◆ **Exercise description**
The answer must be an exact transcription of the lines below from the first through the one containing "Bundle - Fujifilm", with the pictures left out; please add nothing else.

◆ **Data section**
•••••
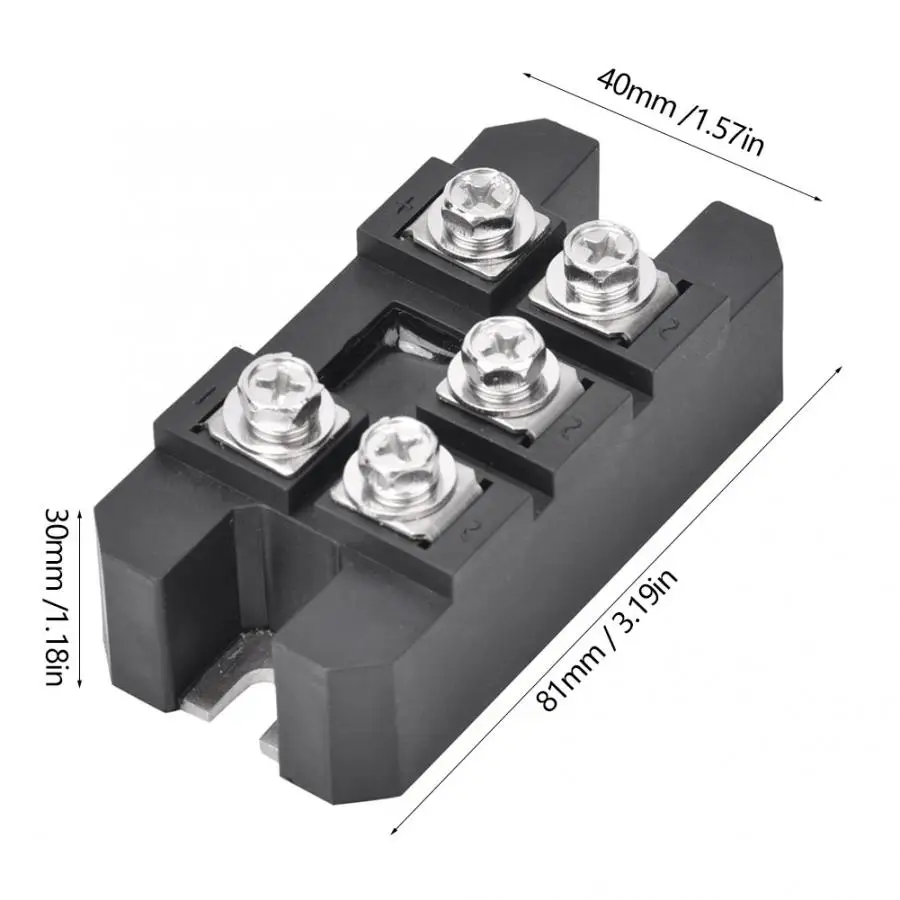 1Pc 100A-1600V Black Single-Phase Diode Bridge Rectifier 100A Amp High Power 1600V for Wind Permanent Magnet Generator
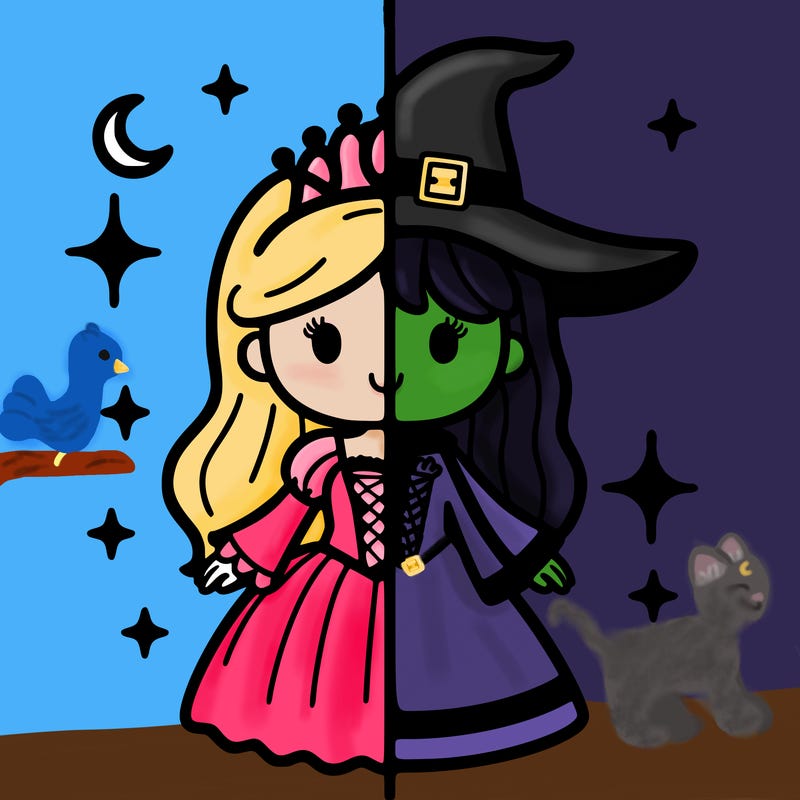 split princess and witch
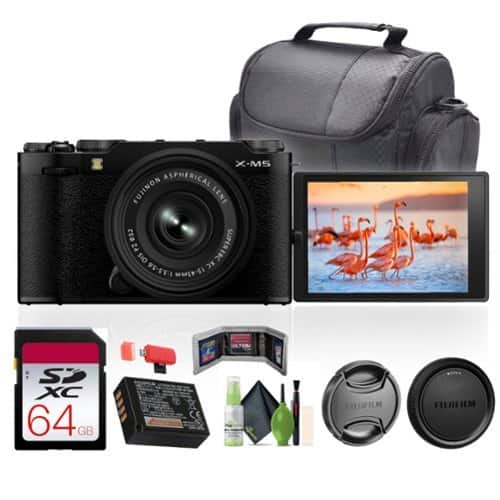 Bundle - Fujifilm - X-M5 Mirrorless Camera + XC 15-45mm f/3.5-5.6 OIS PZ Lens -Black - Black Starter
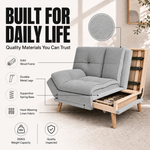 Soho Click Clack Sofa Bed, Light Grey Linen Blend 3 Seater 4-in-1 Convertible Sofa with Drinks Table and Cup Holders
•••••
◆ **Answer space**
 1Pc 100A-1600V Black Single-Phase Diode Bridge Rectifier 100A Amp High Power 1600V for Wind Permanent Magnet Generator
 split princess and witch
 Bundle - Fujifilm - X-M5 Mirrorless Camera + XC 15-45mm f/3.5-5.6 OIS PZ Lens -Black - Black Starter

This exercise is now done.